I'm at my string rewrite systems again. I always implemented these as rules on function arguments. For example, assume a rule is you can drop all arguments 0:

F[x___,0,y___]:=F[x,y];

F[1,0]

No problem. But now assume my task is to insert a pair of formal brackets (call them A and Z) everywhere in F:

(*In*) F[1,2]

(*Out*) {F[A,1,Z,2],F[1,A,2,Z],F[A,1,2,Z]}

Doable - I replace F by List, run over all position pairs, replace List back to F, whoopsie, forgot that I can have nested F expressions...a nuisance. Then I had the idea: Why not define on List directly?

List[x___,a,y___]:=List[x,y];

(*Special Epic Fail*)

My question: Am I right that you can't make rules on internal functions of Mathematica at all, to protect the innocent?

Log[x_]:=Sin[x];

(*Generic Epic Fail*)

Or is there a limited possibility? Of course, since all Mathematica is based on List, it has to be protected at all costs, but, say, replacing all Exp[x]=Cos[x]+I*Sin[x] on the fly doesn't look that desastrous...

SetAttributes[Log, Flat]

Log[Log[a]]

(Silly, but this shows that Protected doesn't protect against all shenanigans.)

Answer 1

It is a very bad idea to redefine built in functions.
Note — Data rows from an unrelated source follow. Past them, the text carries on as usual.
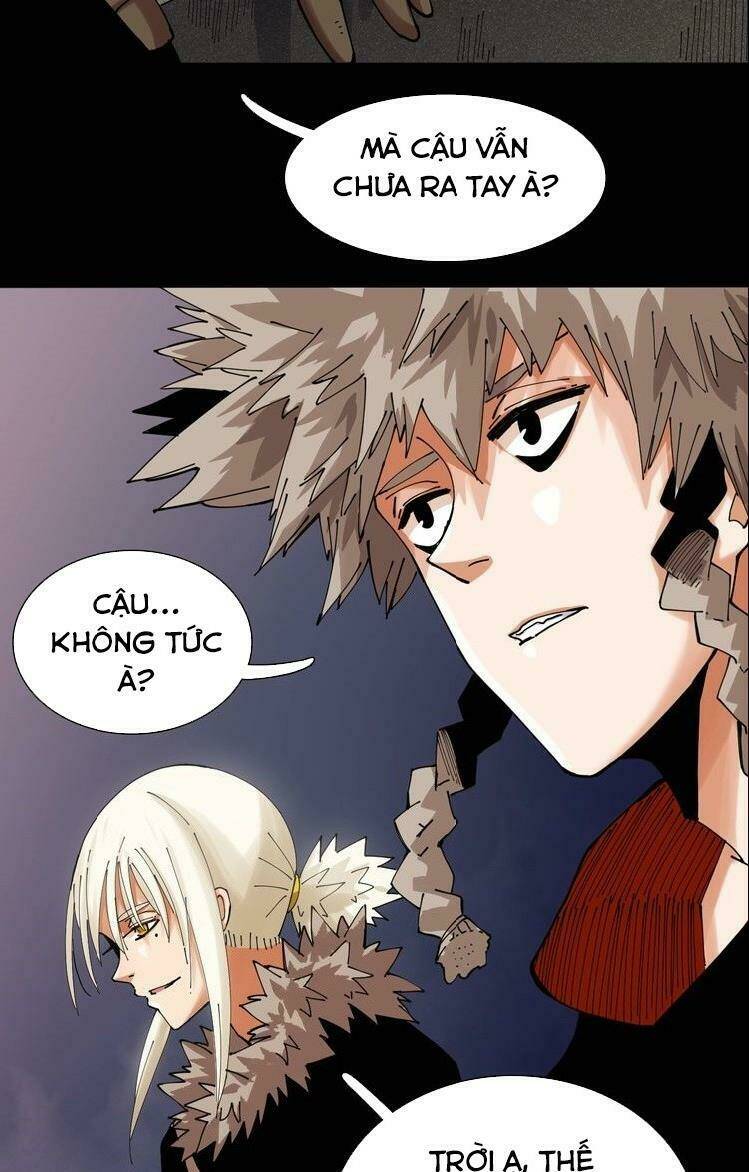 mạt thế chi thư chapter 18 3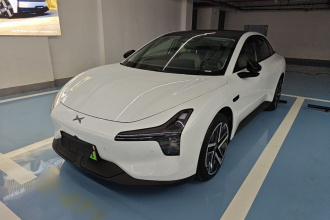 小鹏MONA M03 2025款 600 超长续航 Max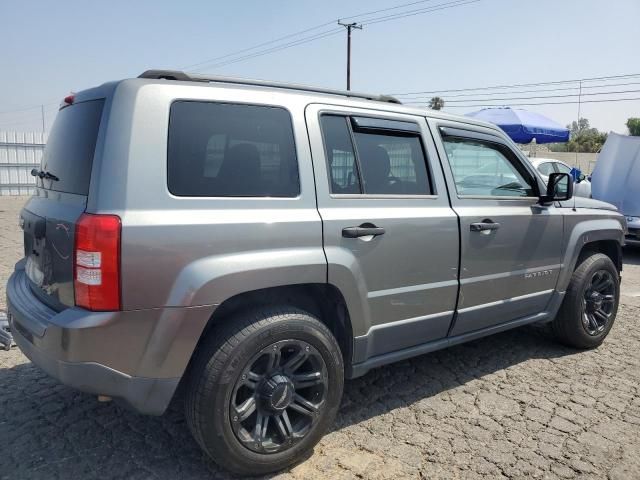 2013 Jeep Patriot Sport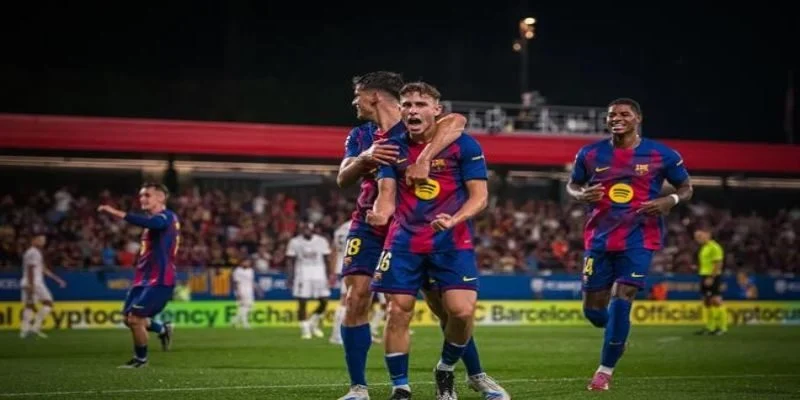 Soi Kèo Newcastle United Vs Barcelona 03h00 Ngày 11/03 | Lượt Về Vòng 1/8 4 Đội hình ra sân cho thấy cả hai không muốn đá giữ sức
Therefore, built in have the attribute "Protected".

However, you may store an assignment containing a built in under a different name by the operator "/:". E.g. your example with Exp[x];

x /: Exp[x] := Cos[x] + I*Sin[x]

This is now tied to the variable "x" and if you write:

Exp[x]

it is automatically changed to:

Cos[x] + I Sin[x]

Or your example where you delete "a" in any list:

a /: {x___, a, y___} = {x, y}

{1, a, 2, a, 3}

(* {1, 2, 3} *)